Last summer mama raccoon had five babies. They'd roam the neighborhood at night in search of additional food and reports came in from people who were enjoying them in their yards....or not. But it didn't take us long to realize that most nights they came back to our yard and up into the giant Sequoia nearest to our house, where they camped out until dusk the next day. We couldn't see them up there, but they definitely were there. Tracks began showing up on the trunk of the tree. When the tracks became actual scores into the bark I called an arborist for a consult. He examined all three Sequoias, climbing high into the one here by the house, where he confirmed raccoon nests full of pooh. His appraisal of the situation was that he's seen the bark of some evergreens in the forest completely scratched apart by climbing animals and that the trees survive because the bark is so thick.
One midsummer night last year I was working on the computer in my home office that has two windows, one viewing the back yard. I had the window open for cool night air. Along came the five baby raccoons - now some months old - climbing up the trellis that leads to the back porch overhang. One by one, they got onto the roof nearest my open window and completely amused me by stretching their heads as far as they could safely reach to peer in at me. They were absolutely adorable!
When fall and winter came most moved on or found other food and shelter. This territory just isn't big enough for the lot of them. We have no idea how many stayed within close enough range that are now returning to our yard and all three Sequoias, most likely with their own young. They are back with a vengeance. The Sequoia nearest our house is taking the brunt of the nighttime activity, and chunks of the unusual red bark are scattered on the ground at the base of the tree.

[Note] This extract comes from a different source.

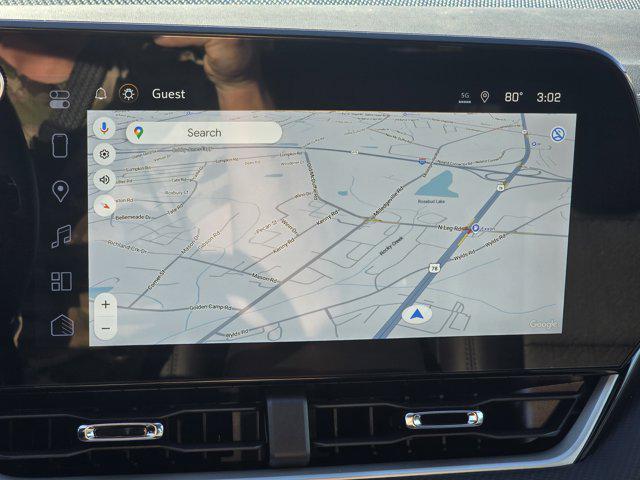 new 2026 Chevrolet Equinox car, priced at $34,625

I can't take it anymore. The trees are 80 years old and are hosts and home to dozens of different kinds of birds. They provide a massive amount of shade for us and three other homes, and they purify the air in our small part of the planet. As much as I care about and am entertained by the raccoons, the health of these trees must take precedence. Is there a way we can all live together? Maybe so, and with this in mind I've asked Mike to circle the trees with wire screening material this weekend to see if it will either send the raccoons in search of other places to camp or serve as climbing assistance to the higher branches.

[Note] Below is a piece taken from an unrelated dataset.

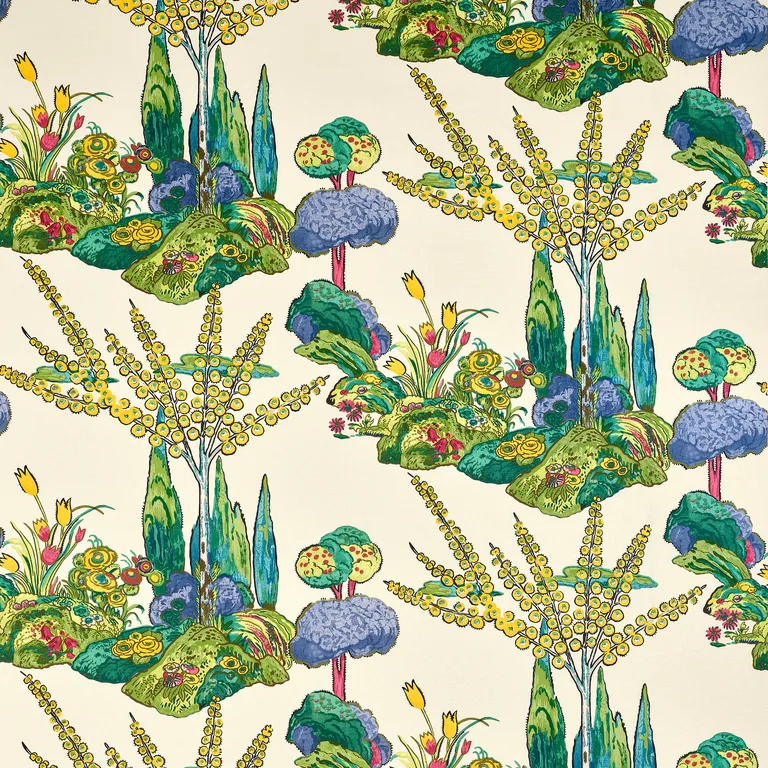 Thibaut Orleans in Yellow and Red (F945029)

If this plan doesn't succeed, and fairly quickly, then I guess we'll have to look into traps. That wouldn't be so horrible, trapping them and setting them free miles away up the creek canyon. Except remember I said that skunks are among the night feeders in our yard? Who wants to trap a skunk: not me! Besides, they aren't the culprits in the Sequoia pathmaking. Although I have no idea where they spend their days, any time after 10:00pm I must take the dogs out on leashes in the front yard because two playful skunks own the backyard in the dark.
So, no, Francessa, raccoons are not rare here. But not everyone in the U.S. has the opportunity to see them close up, hear their funny little gurgley growls, pick up scattered eggshell halves around the water bowl the day following a visit. Unfortunately, many people see them dead on the roads. Which is why we have a dilemma. We've loved providing raccoons with a safe place to live, but we purchased that back lot next to our backyard specifically to save the three Sequoias from removal for development.
I'll provide updates as the situation changes. If anyone has advice or similar stories to share, that would be most welcome.